Simon Sinek, a leadership thinker and author known for his work on purpose and culture, puts it like this: “The reason we call somebody a leader is not because they’re at the top of the organisation or because they have a title; it’s because they go first. They go first into the unknown, first towards the danger, first to take the risk.” I love that because it cuts through all the noise and brings us back to something really simple and really honest. Leadership is not about position, it is about example.
In church life, it is very easy to drift into instructing instead of actually leading, and if we are not careful we can build a culture where people hear a lot but see very little.
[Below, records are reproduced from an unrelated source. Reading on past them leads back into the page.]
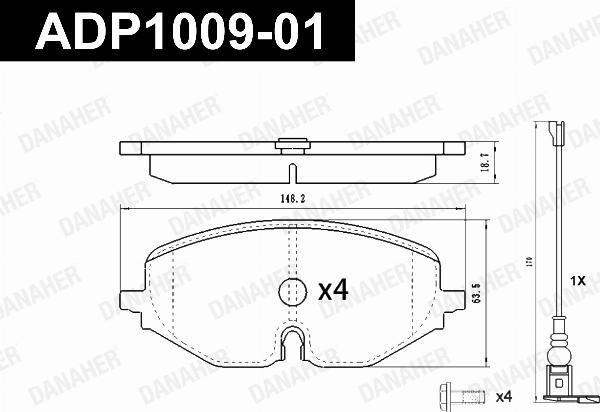 Danaher ADP1009-01 - Гальмівні колодки, дискові гальма autocars.com.ua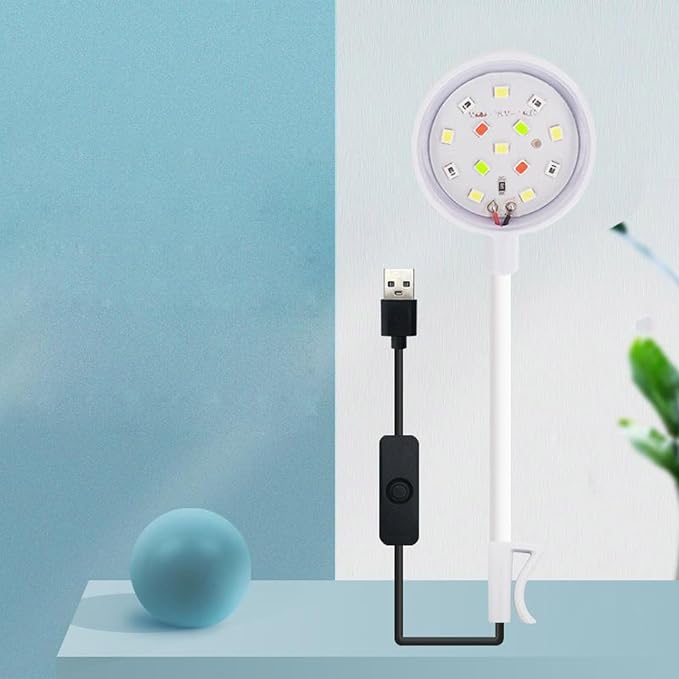 Lamps, Small Aquarium Fish Tank Led Light with USB Interface Clip On for Plant Aquarium, 8.00 * 8.00 * 4.00CM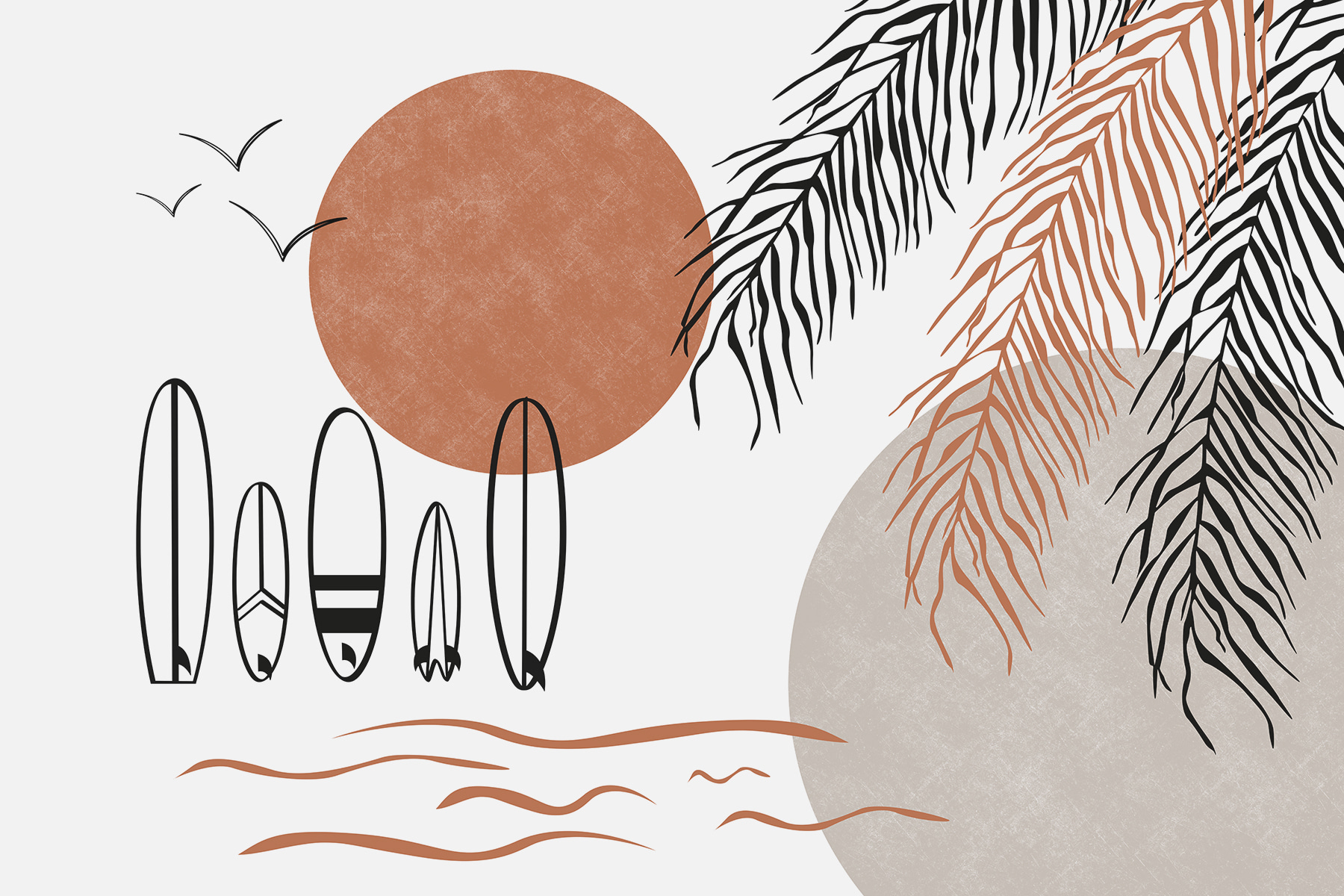 Tablas de surf y hojas de palmera w00958p - Tablas de surf y hojas de palmera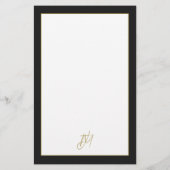 Persoonlijk modern zwart-wit en goudmonogram briefpapier (Achterkant)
We can stand up on a Sunday and invite people to step out, to prophesy, to take risks in faith, but the real question is not what we are saying, it is what people are seeing in us. Are we stepping out first, are we modelling the very thing we are inviting others into, or are we just giving permission from a safe distance where it costs us very little?
The same thing shows up around generosity. When we call the church to give, especially when it is sacrificial and requires real trust in God, are we leading that moment or just explaining it well? People are far more perceptive than we sometimes realise, they can tell the difference between someone who is going first and someone who is simply asking others to go. One builds faith, the other quietly erodes it.
Leading always carries weight. There is a cost to it, a stretch to it, a moment where you realise you cannot hide behind words, role, or platform, you actually have to step out yourself. That is where leadership becomes real, where faith becomes visible, and where trust is formed in the life of a church.
Jesus never stood back and told people what to do from a distance. He stepped in first, He modelled the life He was calling others into, and then He said, follow Me. That is the pattern we have been given, and it is as challenging as it is beautiful.
So let me leave you with this. What risks are you taking right now that actually make you a leader? Where are you going first, not just talking first? Where are you stepping into the unknown, moving towards the uncomfortable, choosing faith when it would be easier to stay safe?
Because if we are not going first, we are not really leading, we are just instructing. And no one is ultimately inspired by someone shouting directions from a distance, people follow those who step out in front and show the way.